▶ Description of the task:
Repeat exactly the line with "Noranda Hawks Football" and each line after it to the end of the data below; pictures stay out.

▶ Given information:
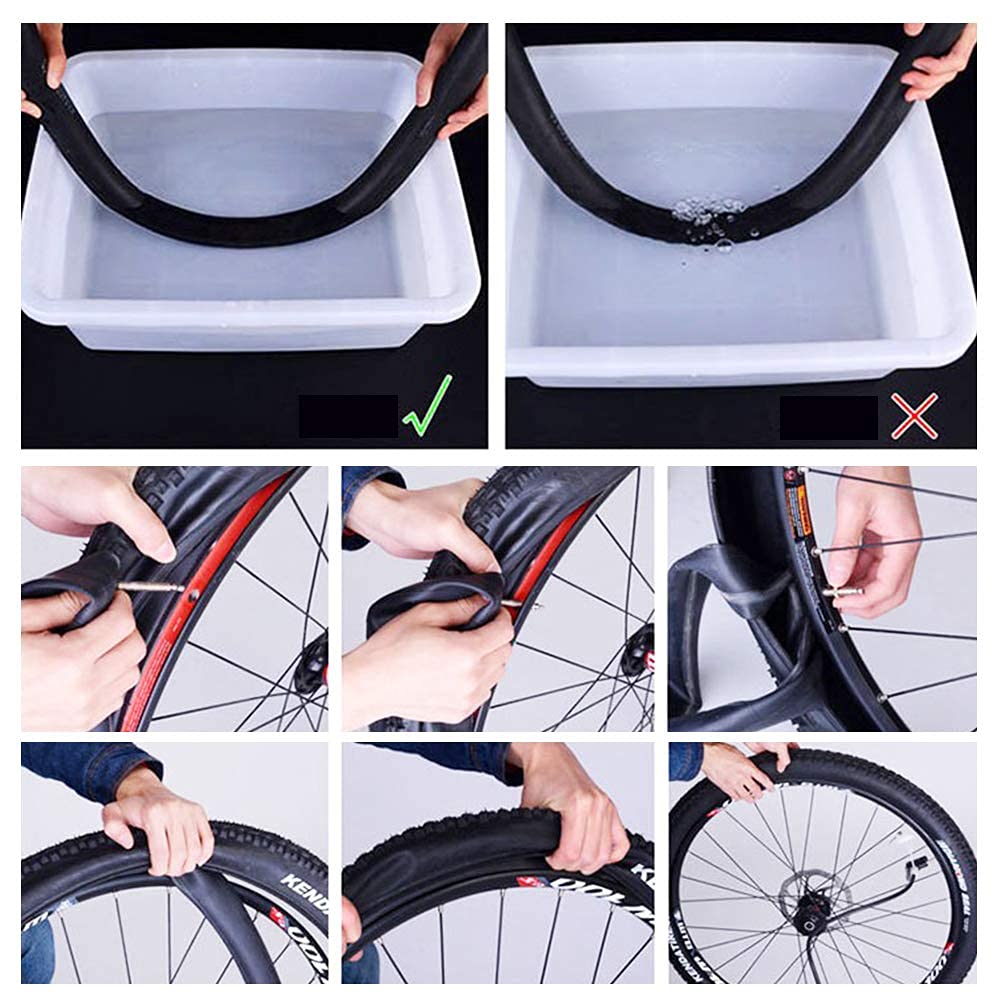 Cámara de Aire Bicicleta, Cámara de Aire for Bicicleta, Fabricada en Caucho butílico Resistente a la presión, Adecuada for neumáticos de 26 Pulgadas de Ancho, Rango 26X2,3-2,4, 2 Paquetes (Size : FV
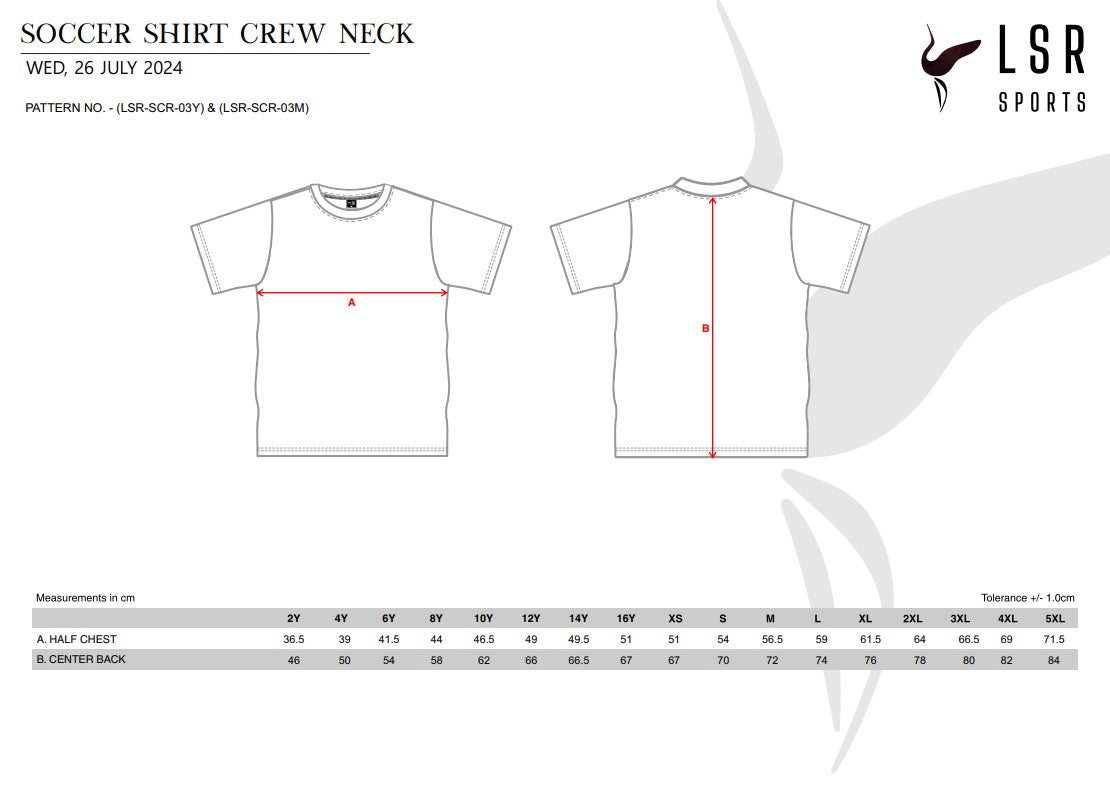 Noranda Hawks Football Club - Training Shirts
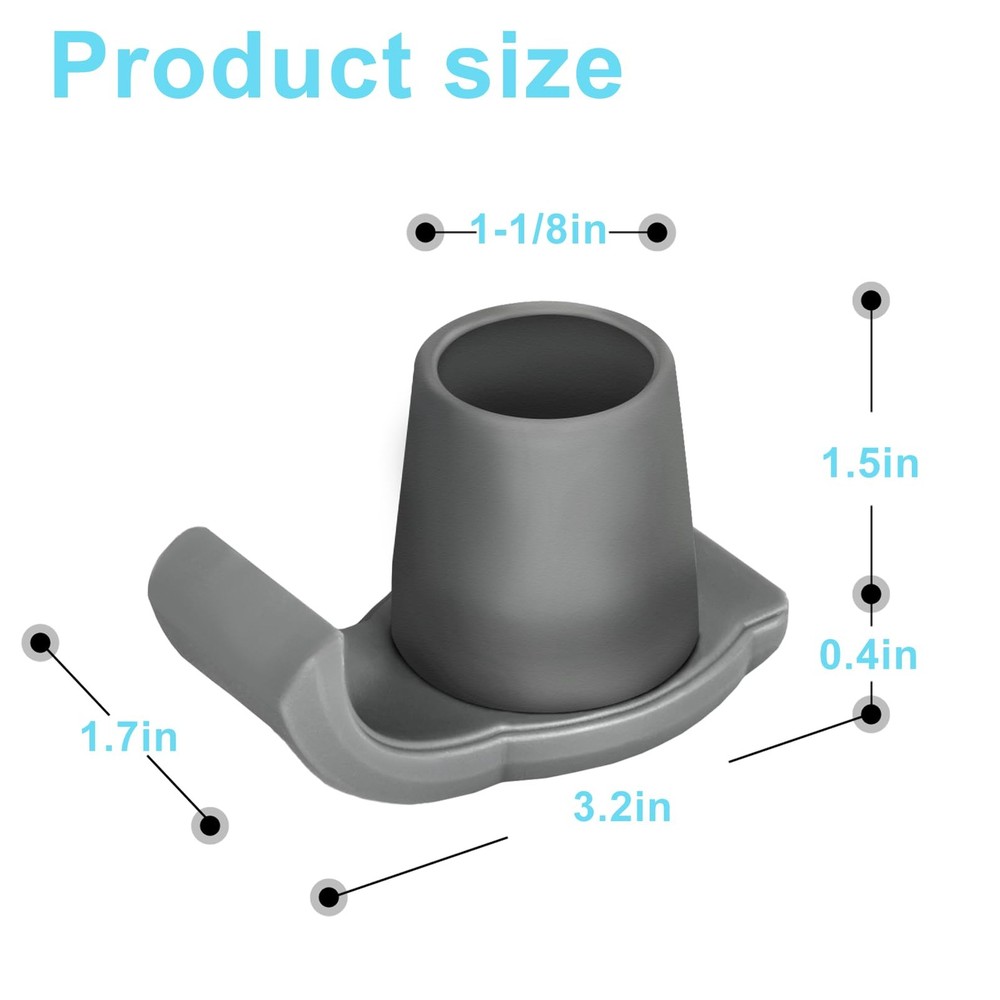 Dotday 4 Pack Walker Skis Glides for Folding Walkers, Essentials Gray, Gray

▶ Task output:
 Noranda Hawks Football Club - Training Shirts
 Dotday 4 Pack Walker Skis Glides for Folding Walkers, Essentials Gray, Gray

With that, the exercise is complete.